Le procureur de Paris a demandé le maintien en détention d'Abdelkader Merah, le frère du tueur, et les juges détiennent assez d'éléments pour le mettre en cause pour complicité, a annoncé lundi Me Olivier Morice, avocat de la famille Legouad.

Mais la justice cherche toujours à identifier un "troisième homme", a-t-il indiqué, précisant que "de très nombreuses investigations" ont été sollicitées par les juges.

Des commissions rogatoires ont été lancées au Pakistan, en Israël et en Egypte pour déterminer avec précision le périple de l'assassin, a déclaré l'avocate de la famille Ibn Ziaten.

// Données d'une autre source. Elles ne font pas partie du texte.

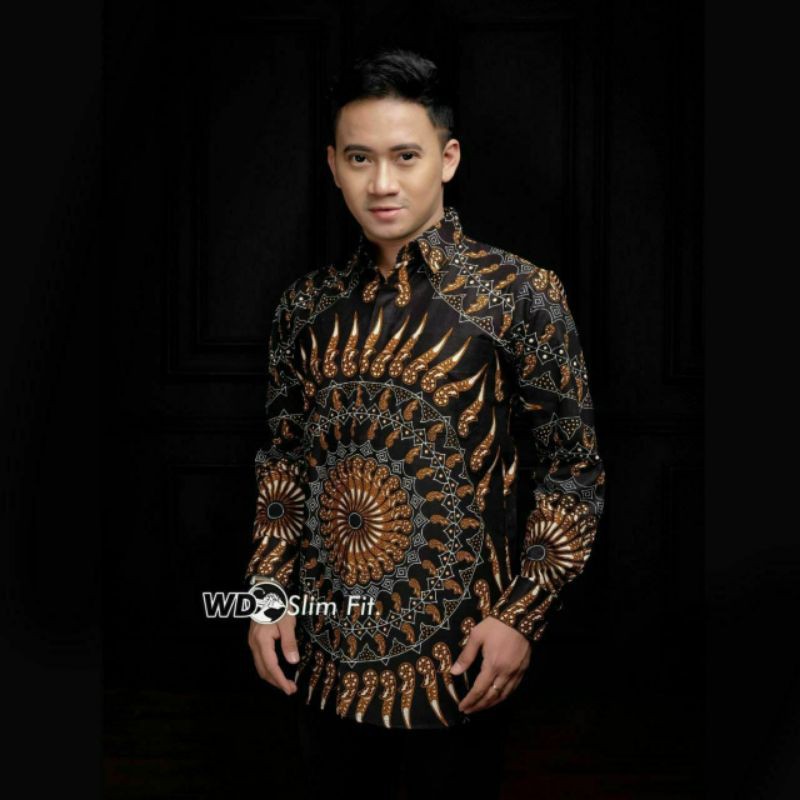 Jual Batik Kemeja Bermotif Elegan Adem Dipakai Motif Yang Kece Bahan ...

"Une orientation sur le plan international, ce n'est pas innocent, parce qu'il est important de savoir quel a été le parcours de Mohamed Merah", a estimé sur BFM TV Me Marc Bensimhon, autre défenseur de la famille d'un soldat tué.

"TRÈS GRANDE FRUSTRATION"

Mais malgré ces éléments nouveaux, pour les familles, cette rencontre, qualifiée de "technique" par Albert Chennouf, père d'un soldat, n'a pas répondu à la question principale, celle des dysfonctionnements policiers apparus lors de l'affaire.

Un rapport de l'Inspection générale de la police dévoilé en octobre a reproché à la Direction centrale du renseignement intérieur (DCRI) d'avoir failli dans l'évaluation de la dangerosité de Mohamed Merah avant les tueries de Toulouse et Montauban.

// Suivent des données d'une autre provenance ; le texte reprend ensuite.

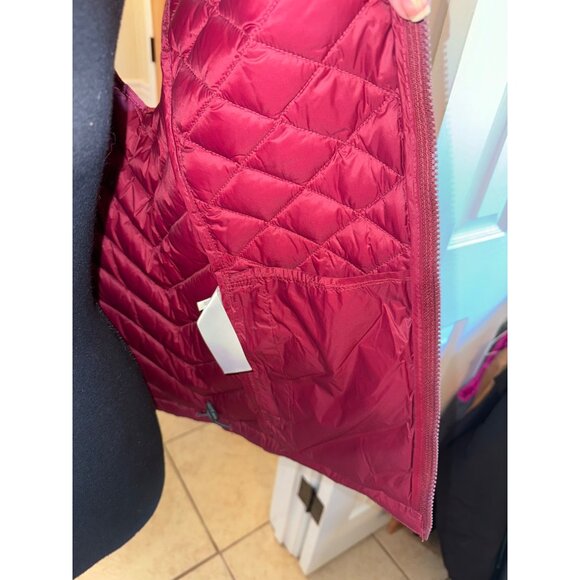 Bass Outdoor Womens Chevron Quilted Down Puffer Vest M Nylon Down Maroon Travel - Picture 12 of 14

"Les familles ne comprennent pas, n'admettent pas que Mohamed Merah n'ait pu être interpellé vivant, (...) et elles n'ont toujours pas d'explication, y compris aujourd'hui auprès des juges d'instruction, sur les dysfonctionnements graves qui ont eu lieu, et qui ont empêché cette interception", a déclaré à la presse Me Olivier Morice.

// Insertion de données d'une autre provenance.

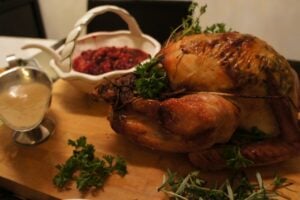 Procon Goiânia vê variação de até 328% em produtos da ceia de Natal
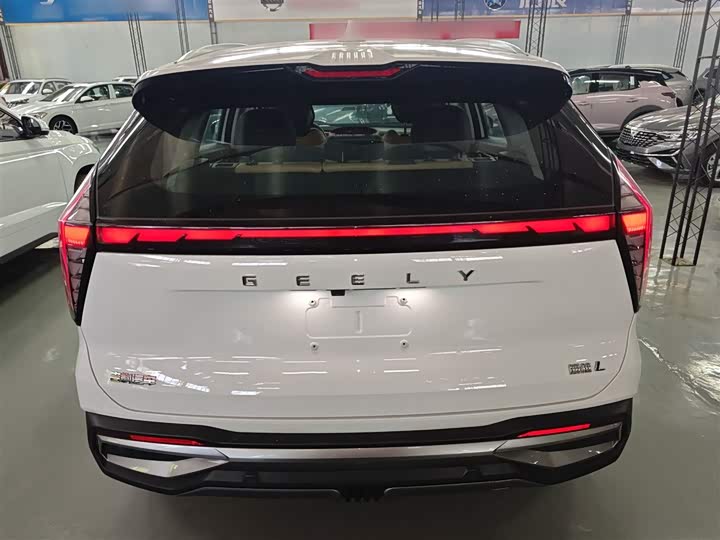 Geely Atlas L, 2026 — фото 6 из 9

"Même si les familles sont très respectueuses et reconnaissantes du travail qui est fait par les magistrats instructeurs, elles ont le sentiment aussi qu'au niveau des services de l'Etat, notamment du ministère de l'Intérieur, mais aussi de la Défense, tout n'a pas été déclassifié", a-t-il dit.

Manuel Valls leur avait promis fin janvier d'examiner à nouveau tous les documents susceptibles d'être déclassifiés.

Une enquête préliminaire, confiée à l'Inspection générale de la police nationale, a récemment été ouverte par le parquet de Paris après le dépôt d'une plainte visant notamment les services de renseignement français.